He spent about half of the 2022 campaign in Double-A, where he truly began to break out. Across 277 PA, Carroll hit .313 with 16 dingers, 39 RBI, 62 runs scored, and 20 steals (in 23 attempts), with a wRC+ of 166. He drew walks at a healthy 15% clip, but it’s worth noting that his strikeout – as it would be throughout his minor-league career – was on the high side at 25%. That was not due to an inability to make contact, though, as he registered a 9% swinging-strike rate.
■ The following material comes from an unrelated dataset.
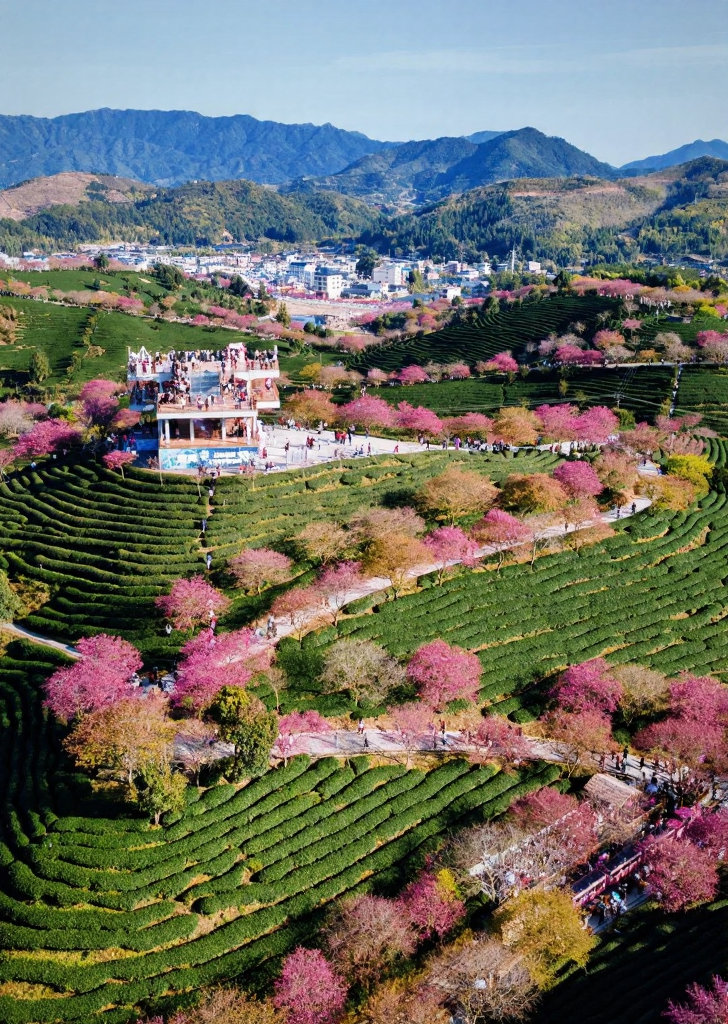 龙岩旅游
A selection to the Futures Game cemented that he was viewed as a rising star.
Having little left to prove at the Double-A level, Diamondbacks management prompted Carroll to Triple-A. There, he hit .287 with 7 homers, 22 RBI, 25 runs scored, and 11 thefts (in 13 chances) across 157 PA, with a wRC+ of 135. Encouragingly, he continued to hit for both average and power at the highest level of the minors while maintaining a 15% walk rate and trimming his strikeout rate to a more palatable 23%.
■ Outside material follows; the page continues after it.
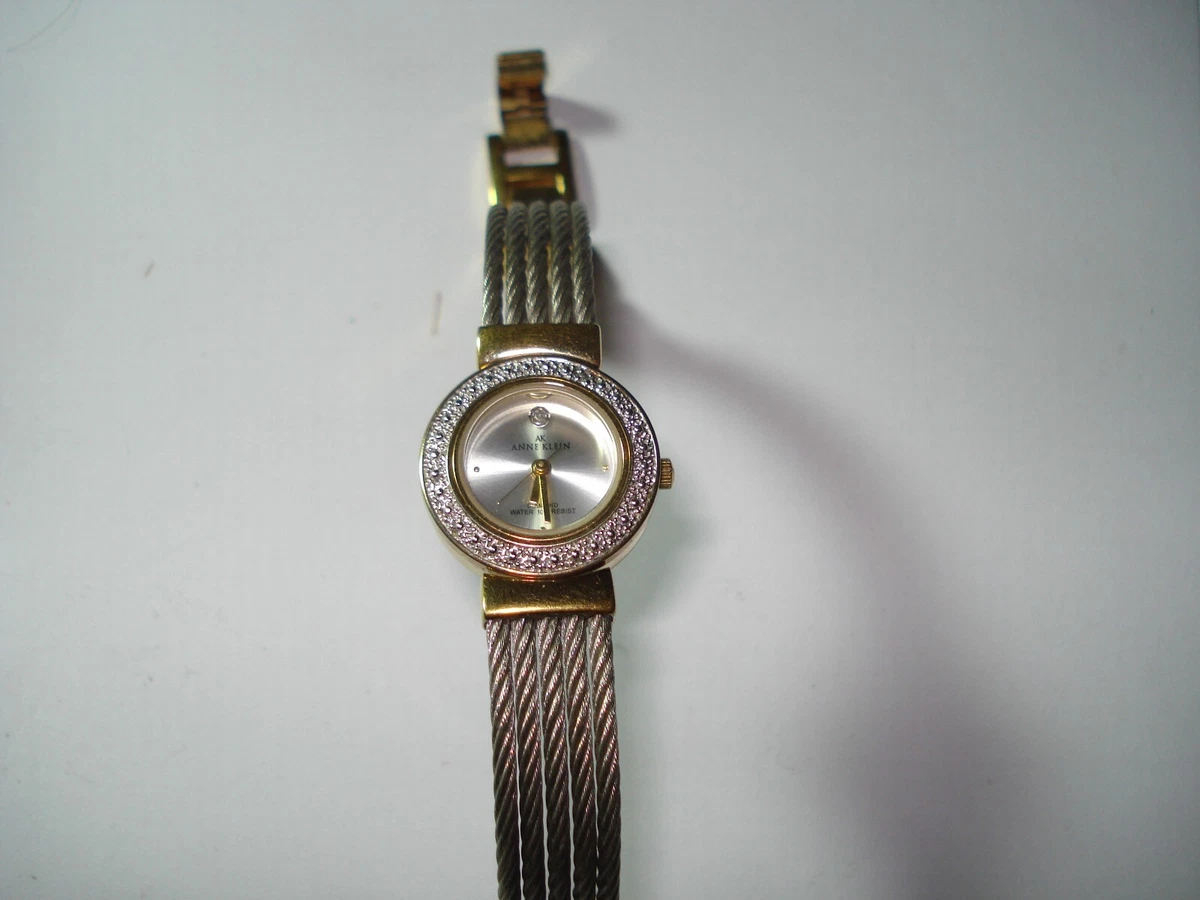 Anne klein cheap watch ebay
Arizona called up its budding star for a cup of coffee down the stretch in 2023. In 115 PA with the big club, he recorded a .260 average to go with 4 dingers, 14 RBI, 13 runs scored, and 2 steals (3 tries), with a wRC+ of 131. He was clearly in the process of acclimating to big-league pitching in his age-21 season, as his walk rate came in at just 7% and his strikeout rate spiked to 27%. His swinging-strike rate did come in over 11%, but he chased pitches outside the zone at a pretty average 32% clip. Contact on pitches inside the zone was, however, a shortcoming, as Carroll’s z-contact% came in at just 81%, and his overall contact rate (74%) wasn’t impressive as a result. And his contact rate wasn’t great (26%) in his first taste of big-league action. Even so, his body of work in 2022 vaulted him up the prospect rankings as a consensus top-10 prospect, with Baseball America and MLB Pipeline putting him as the #2 prospect in baseball and Baseball Prospectus ranking him #6.
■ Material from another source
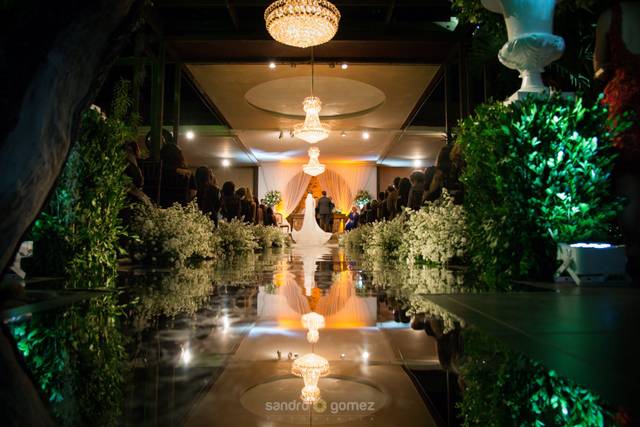 Cerimônia de casamento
Carroll therefore took major steps forward in 2023 as he spent the entire campaign with the Diamondbacks. He drew more walks (9%) while cutting his strikeout rate to an acceptable 19%. Carroll trimmed his swinging-strike rate to just under 9% while raising his contact rate to an average 81%. He chased slightly less often (30.5%), but especially encouraging was the fact that he made much more frequent contact on pitches inside the zone (z-contact% up to 89%). And while his hard-contact rate improved to 33%, that’s still not an exciting figure. Meanwhile, his HR/FB (15%) wasn’t exactly astronomical, so 25ish homers seems repeatable. Pair that with his combination of plus-plus speed and efficiency on the basepaths, and we have a first-round talent for fantasy. The lower hard-hit rate is a bit concerning, but his overall ability to make contact, get on base, and swipe bags will help to buoy his fantasy value even if he hits only, say, 20 dingers. Besides, there is precedent for guys who don’t generate frequent hard contact hitting for surprising power, such as Jose Altuve and his 29% career hard-hit rate.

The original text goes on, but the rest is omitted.